RECORDED INFORMATION =
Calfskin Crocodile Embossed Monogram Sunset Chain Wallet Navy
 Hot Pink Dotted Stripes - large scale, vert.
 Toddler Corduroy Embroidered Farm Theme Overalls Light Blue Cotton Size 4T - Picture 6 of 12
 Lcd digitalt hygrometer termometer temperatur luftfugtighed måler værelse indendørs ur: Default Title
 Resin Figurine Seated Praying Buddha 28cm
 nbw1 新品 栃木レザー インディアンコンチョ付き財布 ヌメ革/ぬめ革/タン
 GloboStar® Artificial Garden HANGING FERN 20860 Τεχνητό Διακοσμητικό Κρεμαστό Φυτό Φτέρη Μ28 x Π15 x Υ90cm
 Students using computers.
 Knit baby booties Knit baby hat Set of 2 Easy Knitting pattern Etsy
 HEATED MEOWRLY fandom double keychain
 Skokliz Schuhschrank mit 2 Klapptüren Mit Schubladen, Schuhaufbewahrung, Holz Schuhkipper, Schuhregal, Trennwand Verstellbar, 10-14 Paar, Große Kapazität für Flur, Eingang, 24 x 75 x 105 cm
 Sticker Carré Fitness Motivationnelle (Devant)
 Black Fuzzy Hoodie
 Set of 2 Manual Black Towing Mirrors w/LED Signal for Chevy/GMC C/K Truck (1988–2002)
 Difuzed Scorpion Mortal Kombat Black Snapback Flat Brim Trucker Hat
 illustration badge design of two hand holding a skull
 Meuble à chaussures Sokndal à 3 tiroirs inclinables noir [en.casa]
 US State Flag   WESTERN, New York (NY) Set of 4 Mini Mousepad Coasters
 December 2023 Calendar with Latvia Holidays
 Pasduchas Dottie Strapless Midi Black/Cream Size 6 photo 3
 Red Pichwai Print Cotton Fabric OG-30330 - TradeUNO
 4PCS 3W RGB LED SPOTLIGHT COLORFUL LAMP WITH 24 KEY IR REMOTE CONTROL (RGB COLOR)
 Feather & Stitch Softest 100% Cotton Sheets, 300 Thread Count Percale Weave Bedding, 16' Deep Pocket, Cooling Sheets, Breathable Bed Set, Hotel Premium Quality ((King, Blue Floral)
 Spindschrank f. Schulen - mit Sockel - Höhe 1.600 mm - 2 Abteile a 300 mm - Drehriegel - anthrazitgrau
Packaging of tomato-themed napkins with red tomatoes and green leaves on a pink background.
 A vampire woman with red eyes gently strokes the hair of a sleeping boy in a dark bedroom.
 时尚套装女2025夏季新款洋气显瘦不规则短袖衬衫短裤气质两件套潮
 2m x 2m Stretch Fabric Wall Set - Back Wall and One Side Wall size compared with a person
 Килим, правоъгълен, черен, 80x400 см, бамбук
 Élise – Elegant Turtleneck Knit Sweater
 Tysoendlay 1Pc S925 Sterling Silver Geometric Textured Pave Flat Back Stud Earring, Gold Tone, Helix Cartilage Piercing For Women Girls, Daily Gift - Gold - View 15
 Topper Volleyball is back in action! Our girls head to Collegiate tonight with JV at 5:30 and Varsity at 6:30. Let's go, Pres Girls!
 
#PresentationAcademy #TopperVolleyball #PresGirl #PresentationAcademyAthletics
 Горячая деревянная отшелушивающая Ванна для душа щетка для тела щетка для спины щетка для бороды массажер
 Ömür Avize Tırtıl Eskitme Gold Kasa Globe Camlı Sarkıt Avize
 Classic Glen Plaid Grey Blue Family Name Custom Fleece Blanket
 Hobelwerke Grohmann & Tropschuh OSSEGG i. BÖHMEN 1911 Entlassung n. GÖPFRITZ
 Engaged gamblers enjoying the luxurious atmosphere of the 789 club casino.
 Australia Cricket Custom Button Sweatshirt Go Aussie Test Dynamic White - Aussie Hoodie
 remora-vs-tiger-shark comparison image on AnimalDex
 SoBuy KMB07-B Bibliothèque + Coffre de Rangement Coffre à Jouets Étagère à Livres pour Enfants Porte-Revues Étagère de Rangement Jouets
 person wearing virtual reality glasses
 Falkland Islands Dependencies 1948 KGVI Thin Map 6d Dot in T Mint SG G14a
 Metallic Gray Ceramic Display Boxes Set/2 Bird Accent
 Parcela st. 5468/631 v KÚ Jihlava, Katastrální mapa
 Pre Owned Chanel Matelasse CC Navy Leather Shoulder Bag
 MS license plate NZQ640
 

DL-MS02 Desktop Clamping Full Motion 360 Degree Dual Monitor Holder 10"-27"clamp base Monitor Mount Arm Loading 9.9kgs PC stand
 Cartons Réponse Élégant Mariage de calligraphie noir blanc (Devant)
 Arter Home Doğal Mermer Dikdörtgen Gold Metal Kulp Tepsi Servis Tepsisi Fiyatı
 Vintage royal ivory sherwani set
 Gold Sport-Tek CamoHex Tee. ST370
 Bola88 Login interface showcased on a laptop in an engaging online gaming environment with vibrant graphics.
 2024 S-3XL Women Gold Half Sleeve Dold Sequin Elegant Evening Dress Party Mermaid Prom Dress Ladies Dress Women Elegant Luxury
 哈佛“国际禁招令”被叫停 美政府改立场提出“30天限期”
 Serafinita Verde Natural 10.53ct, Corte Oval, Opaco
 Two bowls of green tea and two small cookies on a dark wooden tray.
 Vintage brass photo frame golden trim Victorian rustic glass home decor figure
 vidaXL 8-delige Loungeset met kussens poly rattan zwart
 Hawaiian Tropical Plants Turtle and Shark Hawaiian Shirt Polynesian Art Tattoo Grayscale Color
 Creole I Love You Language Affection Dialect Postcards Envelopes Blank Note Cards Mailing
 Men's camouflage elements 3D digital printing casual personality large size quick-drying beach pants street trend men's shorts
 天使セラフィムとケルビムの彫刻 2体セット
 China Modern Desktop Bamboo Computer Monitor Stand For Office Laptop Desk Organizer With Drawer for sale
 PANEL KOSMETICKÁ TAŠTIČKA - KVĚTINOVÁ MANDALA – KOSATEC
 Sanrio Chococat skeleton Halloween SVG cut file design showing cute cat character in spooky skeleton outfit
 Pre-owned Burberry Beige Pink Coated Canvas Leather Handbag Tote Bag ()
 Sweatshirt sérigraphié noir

DIRECTIONS FOR THIS TASK =
Retype exactly the span of lines from the one with "Tysoendlay 1Pc S925" through the one with "Classic Glen Plaid"; include both ends and omit the rest of the material.

WRITTEN RESPONSE =
 Tysoendlay 1Pc S925 Sterling Silver Geometric Textured Pave Flat Back Stud Earring, Gold Tone, Helix Cartilage Piercing For Women Girls, Daily Gift - Gold - View 15
 Topper Volleyball is back in action! Our girls head to Collegiate tonight with JV at 5:30 and Varsity at 6:30. Let's go, Pres Girls!
 
#PresentationAcademy #TopperVolleyball #PresGirl #PresentationAcademyAthletics
 Горячая деревянная отшелушивающая Ванна для душа щетка для тела щетка для спины щетка для бороды массажер
 Ömür Avize Tırtıl Eskitme Gold Kasa Globe Camlı Sarkıt Avize
 Classic Glen Plaid Grey Blue Family Name Custom Fleece Blanket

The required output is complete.